When you start a business, you get to hire the people you want. It's a great feeling. But you also have to reject a lot of candidates. While ghosting candidates has been popular over the years, it's the wrong way to do it. You may not want to hire a candidate today, but that person might be the right person in a year. If you treat the candidate poorly, you damage the relationship altogether.

Lots of companies use a form of a "thanks, but no thanks" letter. That's fine, as it gives candidates the information they need. But there is a better way.

A job seeker named Tammi Whitcomb received a rejection email that she kindly shared with me. I think it's a great example of how to reject an applicant.

Hi Tammi,

We want you to know that a human being (me) has evaluated your information and that we greatly appreciate you spending your valuable time taking an interest in this role.

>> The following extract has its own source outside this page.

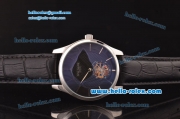 Patek Philippe Calatrava Tourbillon Automatic Steel Case with Black Dial and Black Leather Strap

To set expectations with you and not leave you feeling like you are in a black hole of disrespect, the response to our position has been strong and we may not circle back around with you if we continue to see the current volume of highly-accomplished executives from the technology industry; even though technology industry experience is not required.

Thanks again, and if we don't have another touch then I wish you luck in your career.

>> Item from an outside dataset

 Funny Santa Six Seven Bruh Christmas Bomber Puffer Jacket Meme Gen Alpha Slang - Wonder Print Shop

This is a thing of beauty because the recruiter/hiring manager did the following;

  • Thanked her for her time. So many hiring managers expect thank-you notes from candidates, but don't bother to thank candidates for using their time.
  • Set expectations. It's not a hard rejection--there's a possibility they will get back with her again, but it doesn't look like it. They explain that there have been a lot of highly qualified candidates so Tammi knows that they aren't rejecting her lightly.
  • Kept the interaction positive. There is no sense of "thanks, but no thanks," rather, I'm happy to have met you and I wish you luck. Tammi said she felt very positive about the whole interaction.

You never know how life will go after you interview someone. You may want to hire this person in the future, or you may need a job one day where the former candidate is the hiring manager. And, of course, any former candidate can also be a future client. You want every candidate to leave with positive feelings.

Now, in reality, this could have been a form letter with only a few things tweaked for each group of applicants. You don't have to spend hours writing each rejection email. But doing a nice one will benefit you and your company later on.